• _WORK ITEM_
Once the line holding "BAGRAM AIR BASE, Afghanistan" is found in the listing below, write it out and each later line exactly, up to and including the one holding "Side view of an Audi vehicle parked.".

** DATA follows **

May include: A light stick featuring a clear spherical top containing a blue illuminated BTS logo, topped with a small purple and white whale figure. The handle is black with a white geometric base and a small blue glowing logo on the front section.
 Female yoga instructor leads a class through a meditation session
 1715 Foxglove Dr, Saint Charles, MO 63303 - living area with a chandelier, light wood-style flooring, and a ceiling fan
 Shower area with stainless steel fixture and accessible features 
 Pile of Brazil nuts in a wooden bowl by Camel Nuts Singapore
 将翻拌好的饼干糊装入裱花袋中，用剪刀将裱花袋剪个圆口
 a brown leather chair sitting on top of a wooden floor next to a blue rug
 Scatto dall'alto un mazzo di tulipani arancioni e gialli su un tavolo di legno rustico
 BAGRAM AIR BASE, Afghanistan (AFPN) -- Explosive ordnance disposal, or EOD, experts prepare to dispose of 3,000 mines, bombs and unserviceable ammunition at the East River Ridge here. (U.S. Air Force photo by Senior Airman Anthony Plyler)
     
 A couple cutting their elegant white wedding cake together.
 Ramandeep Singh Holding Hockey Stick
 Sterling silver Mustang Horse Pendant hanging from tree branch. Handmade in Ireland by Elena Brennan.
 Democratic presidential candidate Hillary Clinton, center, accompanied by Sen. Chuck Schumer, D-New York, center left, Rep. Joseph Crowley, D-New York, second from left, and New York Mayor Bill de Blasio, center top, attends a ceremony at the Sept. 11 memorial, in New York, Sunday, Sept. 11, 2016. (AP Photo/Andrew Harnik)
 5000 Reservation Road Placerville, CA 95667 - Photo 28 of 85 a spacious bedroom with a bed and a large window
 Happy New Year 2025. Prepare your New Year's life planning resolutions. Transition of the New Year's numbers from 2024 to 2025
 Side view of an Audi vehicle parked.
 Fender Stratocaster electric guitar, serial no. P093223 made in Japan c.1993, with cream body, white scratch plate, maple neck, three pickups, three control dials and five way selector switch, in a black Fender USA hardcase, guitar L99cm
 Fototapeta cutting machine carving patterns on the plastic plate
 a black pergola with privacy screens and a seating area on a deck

** End of DATA **

• _YOUR SOLUTION_
 BAGRAM AIR BASE, Afghanistan (AFPN) -- Explosive ordnance disposal, or EOD, experts prepare to dispose of 3,000 mines, bombs and unserviceable ammunition at the East River Ridge here. (U.S. Air Force photo by Senior Airman Anthony Plyler)
     
 A couple cutting their elegant white wedding cake together.
 Ramandeep Singh Holding Hockey Stick
 Sterling silver Mustang Horse Pendant hanging from tree branch. Handmade in Ireland by Elena Brennan.
 Democratic presidential candidate Hillary Clinton, center, accompanied by Sen. Chuck Schumer, D-New York, center left, Rep. Joseph Crowley, D-New York, second from left, and New York Mayor Bill de Blasio, center top, attends a ceremony at the Sept. 11 memorial, in New York, Sunday, Sept. 11, 2016. (AP Photo/Andrew Harnik)
 5000 Reservation Road Placerville, CA 95667 - Photo 28 of 85 a spacious bedroom with a bed and a large window
 Happy New Year 2025. Prepare your New Year's life planning resolutions. Transition of the New Year's numbers from 2024 to 2025
 Side view of an Audi vehicle parked.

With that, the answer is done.